WHAT YOU NEED TO DO: Only the pictures are to be left out; the listing itself is repeated exactly.

GIVEN INFORMATION:
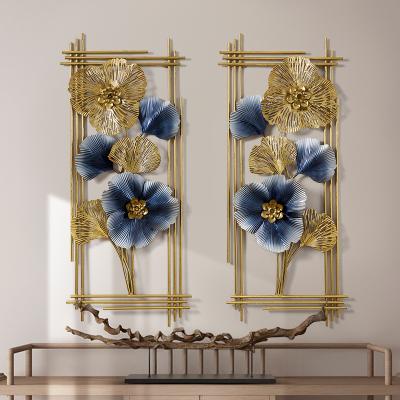 China Durable Gold Leaves Luxury Home Decor 3D Metal Wall Decoration for sale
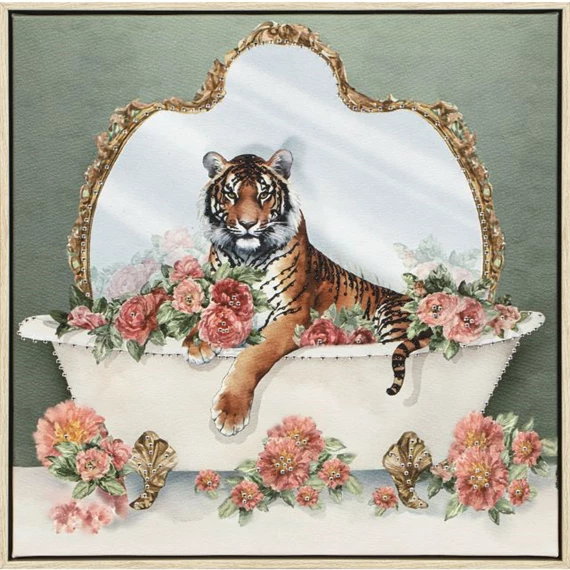 Kép keretes, tigris, leopárd 3D-s 35x3,2x35 cm 2 féle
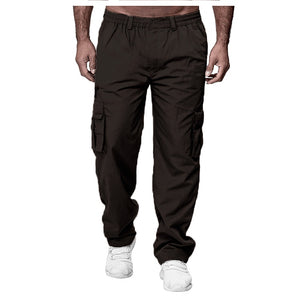 Men’s Multi-Pocket Cargo Pants – Loose Straight Casual Trousers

ANSWER TO THE PROBLEM:
 China Durable Gold Leaves Luxury Home Decor 3D Metal Wall Decoration for sale
 Kép keretes, tigris, leopárd 3D-s 35x3,2x35 cm 2 féle
 Men’s Multi-Pocket Cargo Pants – Loose Straight Casual Trousers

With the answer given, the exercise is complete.